(Avec déclarations de Jomaâ)

par Aziz El Yaakoubi

TUNIS, 10 janvier (Reuters) - Le nouveau Premier ministre tunisien, Mehdi Jomaâ, a pris ses fonctions vendredi après la démission du gouvernement dirigé par les islamistes d'Ennahda, rapporte l'agence de presse officielle.

L'accord conclu entre Ennahda et l'opposition laïque, qui vise à mettre fin à trois années de crise politique, prévoit la tenue dans le courant de l'année d'élections que devra préparer le nouveau gouvernement composé de personnalités indépendantes.

Mehdi Jomaâ, un ancien ministre de l'Industrie, dirigera cette équipe de techniciens qui devra notamment lancer les réformes économiques réclamées par les bailleurs de fonds internationaux de la Tunisie et faire face à la menace islamiste.
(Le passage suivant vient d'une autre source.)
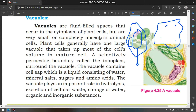Vacuoles in plant cells work similarly to lysosomes — they help to digest food and store it. Plant cells generally have one large vacuole that takes up most of the cell's volume in mature cells.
"Je ne fais pas de miracle mais je promets de faire de mon mieux. Nous allons faire tout ce qui est possible pour surmonter les obstacles, réformer ce que nous pouvons réformer et ramener la stabilité", a dit le Premier ministre aux journalistes rassemblés au palais présidentiel.

La composition du gouvernement doit être annoncée dans les prochains jours.

Le prédécesseur de Jomaâ, Ari Larayedh, qui a démissionné jeudi, avait été chargé en février dernier de diriger le gouvernement.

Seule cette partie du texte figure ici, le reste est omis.